To find out how your finances look, you can request a state pension forecast from the Pension Service. If you have another pension, you should receive an annual statement of your fund’s performance.
Pension options
If you have a personal or company pension, you will be able to exchange your pension pot for an annuity at the point of retirement. You are able to take a cash lump sum of up to 25%, before swapping the remainder for an annuity.
State pension claimants can boost their income by staying in employment past the official age; you won’t have to pay any further National Insurance contributions and you’ll benefit from a higher income when you finally down tools.
Lifestyle during retirement
Retirement planning is absolutely essential for anyone that wants to achieve a comfortable lifestyle once their working life comes to an end. One of the first things to think about when preparing for your later years is the type of lifestyle you would like to achieve. Do you want to live in the same house with your family members? If yes, then would they be able to take care of your needs 24*7? Since you would be getting old by the time you retire, you might get affected by diseases; therefore, you would require complete attention for accomplishing daily tasks. So, would your family members be able to spare time for you? If not, then would you hire an in-home caregiver from careforfamily.com.au/? Or would you like to move somewhere else? If moving out seems to be a better option, then know that there are plenty of options out there. You just need to research and find out the one that can suit your circumstances perfectly. For starters, you can check out retirement homes. You should identify a retirement home that you would like to live in by looking at sites such as https://sunflowercommunities.org/communities/nagel-assisted-living/ should you become unable to manage by yourself. By finding a beautiful retirement home early, you will be giving yourself the peace of mind that you will be living where you choose, whilst also saving your family the pressure of having to choose somewhere for you.
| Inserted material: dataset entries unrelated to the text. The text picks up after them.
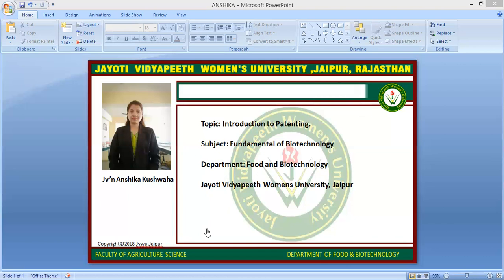All documents and copies except affidavits and drawings sent to the patent office or furnished to the controller shall be written, typed, or printed in English. The size of paper should be A4 with a margin of 4 cm on the top and 3 cm on the bottom and right-hand side. Every application shall be published after expiry of 18 months from the date of filing or date of priority, except applications where a secrecy direction is imposed or has been withdrawn before three months prior to expiry of 18 months.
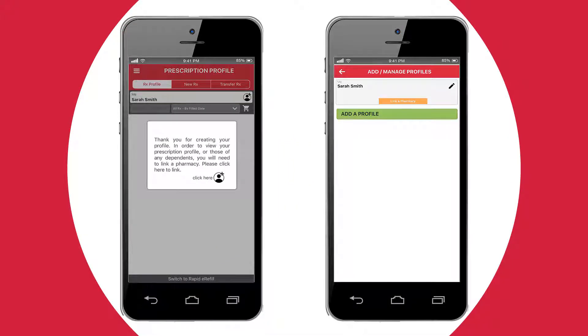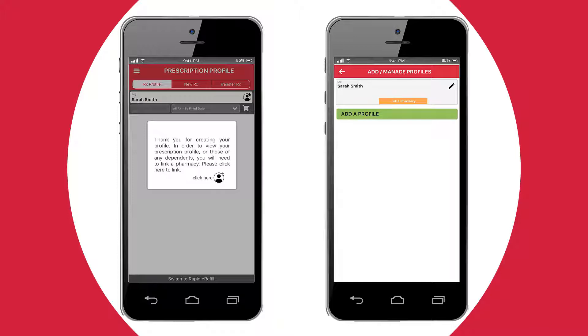Once you've entered the verification code, you are ready to link your profile to your PharmaSave pharmacy. Click on the icon of the person with a plus sign, then click the orange Link a Pharmacy button under your profile.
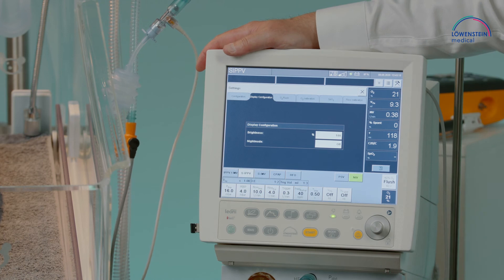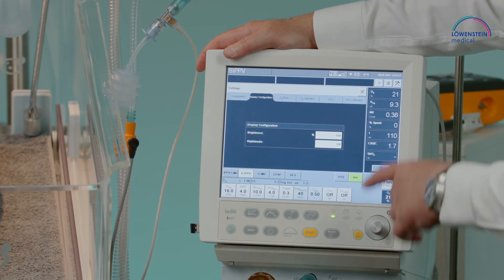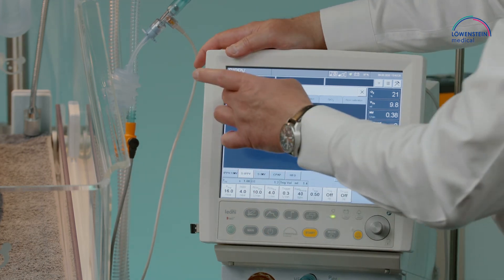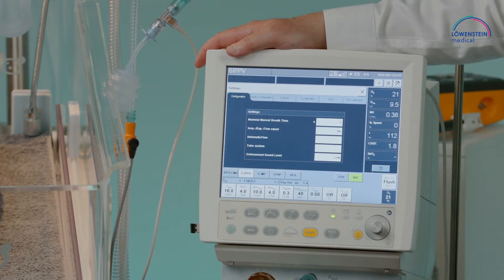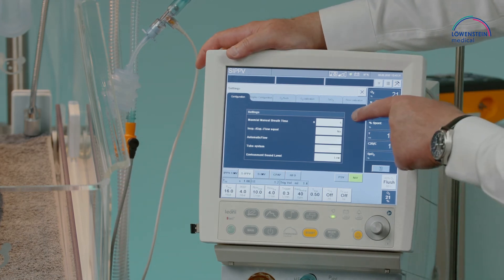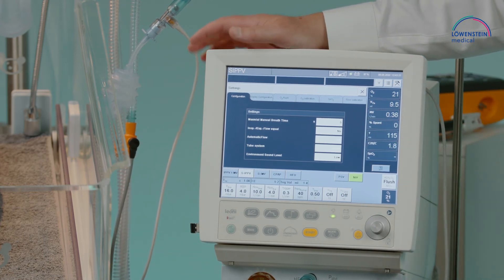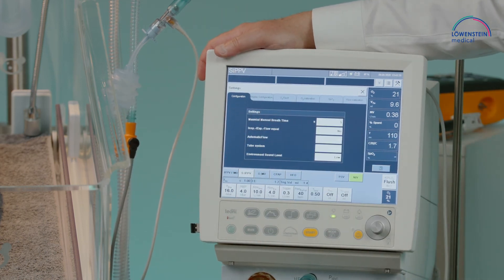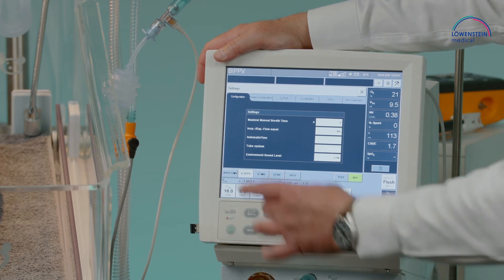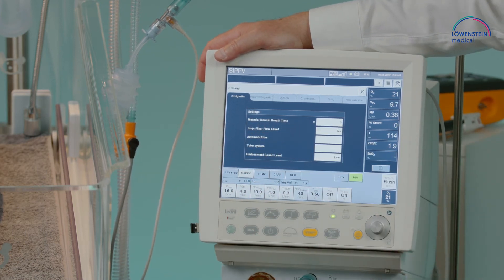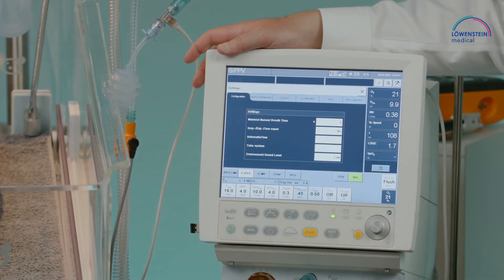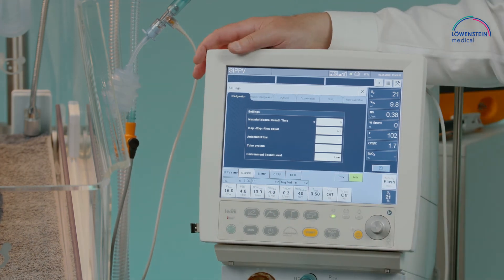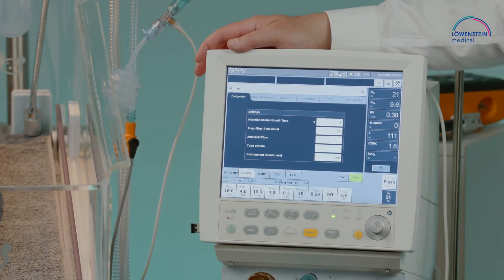The display configuration includes brightness adjustment and activation of night mode. In the configuration screen you can adjust the maximum manual breath time, set the flow profile of the ventilator, configure automatic flow for non-invasive ventilation, select the tube system, and adjust the environment sound level.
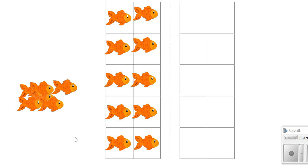Do you think we will have enough fish to fill our next 10 frame? Well, let's see. We're gonna count to see. I'm not sure we're gonna have enough. If we had enough we would have 20.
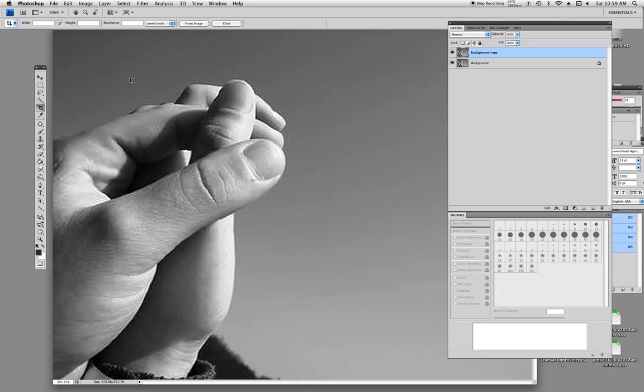Basically what we're going to do is using the selection tool, how to remove a background. Pretty straightforward.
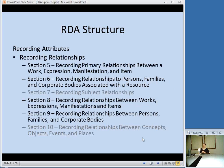The second part of RDA structure after recording attributes is recording relationships. This is something somewhat different from AACR2 — they want to really make it possible to explicitly record relationships between different types of items. If you want to point out that one work you're cataloging is the sequel to another work, they want to make that possible. Relationships between people who are responsible for the creation of a work — whether the person is the illustrator or the author — are made very explicit. Sections 7 and 10 are grayed out; these deal with subject headings and will be coming later.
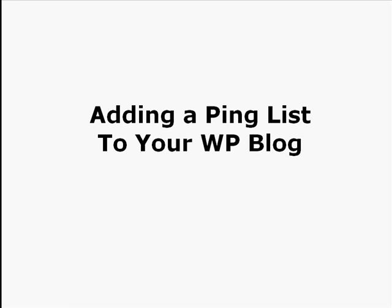Hi, it's Dean Holland from DeanHolland.com. I've got a quick tutorial video here showing you how to add a ping list to your WordPress blog.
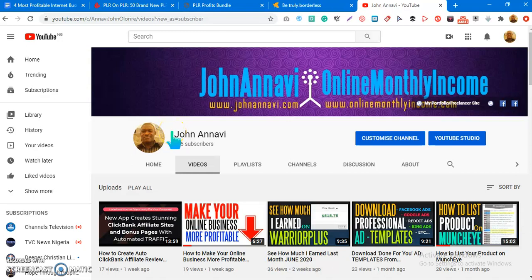Welcome to today's video. It's been a long time since I made a video — almost a week since I uploaded a tutorial. Sorry for the long break. Let's move forward. If you're a new subscriber, my name is John Anna Violori and my channel is where you can learn about making money online and tutorials on how to set up systems to get things done for you online.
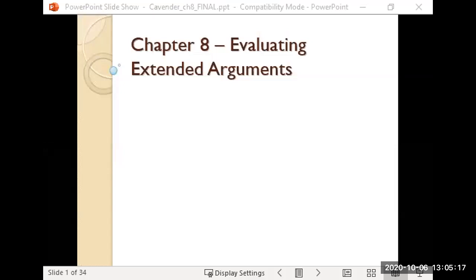Today we're talking about Chapter 8: valid extended arguments. What that really means is you're going to look at how to judge what a more realistic argument would look like. A lot of the arguments we've discussed have been very small, simple examples, but what happens when we're looking at something more like a paper? This will be really helpful coming up because in the midterm you'll be writing your own paper and constructing your own extended argument.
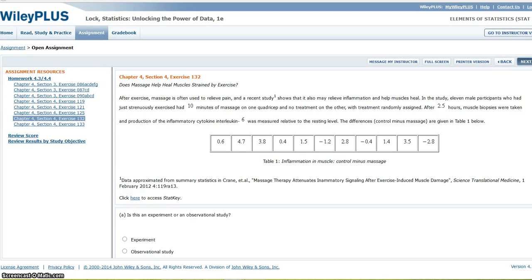Hi, I received a question about how to find the p-value for the second to last question on tonight's homework. So I am going to go through the process of finding the p-value in StatKey.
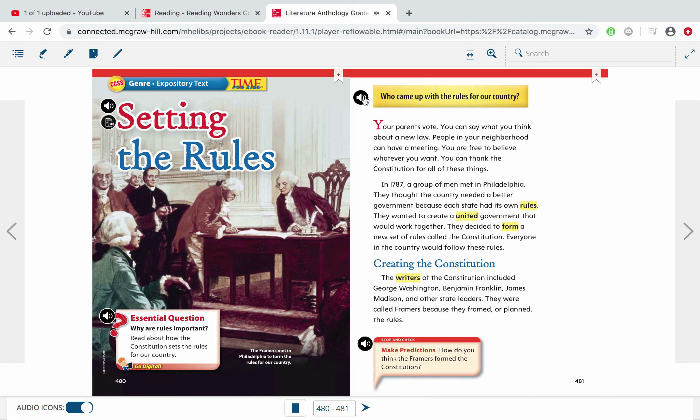Good readers are able to stop and think about what they predict will happen next. So how do you think the framers formed the Constitution? I want you to think about that and get some ideas in your mind that will help you understand more later in the story.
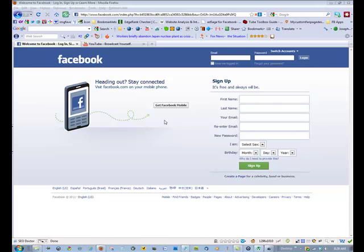Hi, I'm Joe Bryan from MyCustomFanPageDesign.com, and welcome to our two-minute tutorial on creating a fan page and adding static FBML.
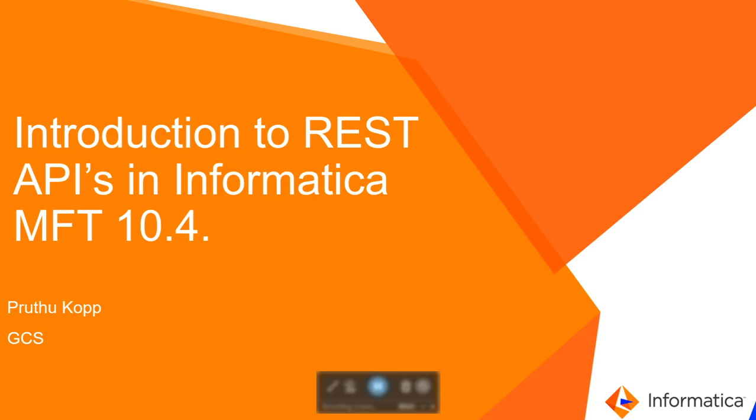Hello everyone, this is Pruthu from Informatica GCS and today I will give you an overview of the REST APIs in Informatica MFT 10.4 and how you can utilize them to improve your productivity.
If you have been used to a high quality life, with the financial freedom to do as you please, or if you’ve been striving towards a better future, you will need to ensure you are able to fund that lifestyle. If you’re an active person that dreads the day you’ll no longer have to set your alarm, you can delay giving up work and continue earning. This could even help you top up your finances – especially if you decide to work part-time whilst drawing your pension.